For the first time I think about the possibility of being raped. I’ve been so focused on staying alive that rape hasn’t even occurred to me.
Everything in me contracts in a spasm of terror at this thought, but I decide then that I will suffer it in silence. Only my survival is important. A wave of abject terror washes over me. I can’t believe that he'll let me live. I know who he is. I can identify him to the authorities. There doesn’t seem to be any reason for him to spare me. Sometime during the living nightmare, maybe an hour or so in, with him talking and me hanging on to every word to detect a possible way out, the energy changes. He places the knife on the dashboard, turns to me and speaks in a new voice, with warmth and sincerity, like a kind big brother. “I was never gonna hurt you. Just wanted to teach you a lesson. You should never hitchhike. It’s dangerous and you could get hurt. I need to know you’ve learned your lesson and you won’t hitchhike again.” My guard comes down. I collapse in a flood of tears, tears of immense relief. I profusely thank him, even taking from my backpack a gift to give him, one of the trinkets I'd brought from Honduras. Tearfully, I press it upon him. He is my savior. I owe my life to him. He is omnipotent and omniscient and has chosen to spare me.
Then, abruptly, he grabs the knife from the dashboard and holds it against my neck, blade up, underneath my chin.

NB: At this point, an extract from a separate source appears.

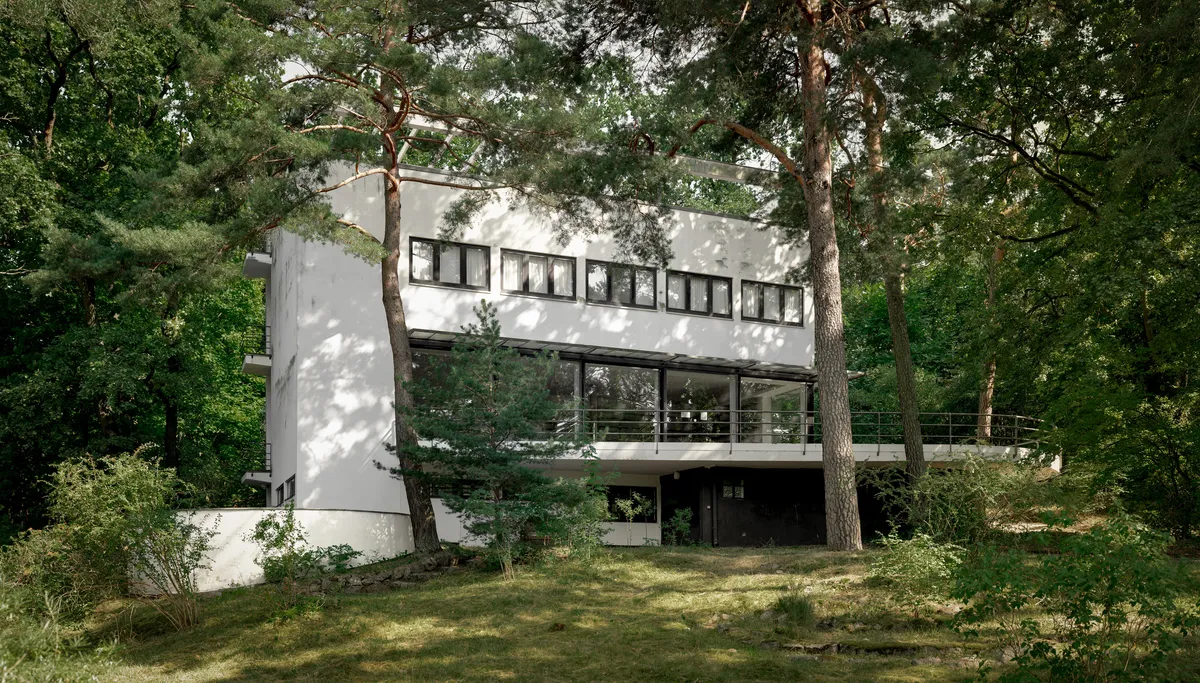 Haus am Rupenhorn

He keeps it there for a few minutes muttering and swearing under his breath. Again, all my senses are on full alert. He orders me out of the car, to lie down on the back seat. He climbs on top of me. I lose track of where the knife is. I know that he is raping me, but I can hardly feel it. My body is numb. All my sensations are thoughts in my head. I'm silently praying that he’ll take his time as I madly search for an escape plan. The looming fear is that once he finishes there will be nothing left but for him to kill me. I have no plan, and with that knife close by, and even without it, I am completely at his mercy. I'm certain he will kill me when he finishes. I search my mind for a reason that would make him choose to let me live.
Then, suddenly, the rape is over. My body is still numb. I don’t know how deeply he entered me or if he ejaculated. I’m rigid with terror. He orders me into the front seat. He gets in the driver’s seat, starts the engine, and drives. This is a positive development; I have vividly envisioned my lifeless body discarded out there in the dump. Who would ever find me? I stay hyper alert as we drive away. Soon we pass some houses, a miraculously welcome sight, and he stops in front of a large wood framed building.
“There’s the local bus depot. Get the fuck out of this town.”
With that he pushes me out the car door on to the ground and throws my bag on top of me. His car peels away into the night.